- [Exercise details] If a line in the records below contains the word "Blue", return that line.

- [Input material]
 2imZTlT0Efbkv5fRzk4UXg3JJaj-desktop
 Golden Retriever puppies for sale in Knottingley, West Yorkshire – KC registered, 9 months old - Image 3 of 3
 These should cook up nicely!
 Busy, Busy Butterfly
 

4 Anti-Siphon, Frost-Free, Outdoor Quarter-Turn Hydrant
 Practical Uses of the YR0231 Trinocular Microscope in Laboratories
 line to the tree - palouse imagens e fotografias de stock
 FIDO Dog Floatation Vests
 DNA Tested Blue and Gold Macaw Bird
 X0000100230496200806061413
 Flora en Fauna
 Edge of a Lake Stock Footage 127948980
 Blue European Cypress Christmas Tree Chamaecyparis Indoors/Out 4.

- [Reply]
 DNA Tested Blue and Gold Macaw Bird
 Blue European Cypress Christmas Tree Chamaecyparis Indoors/Out 4.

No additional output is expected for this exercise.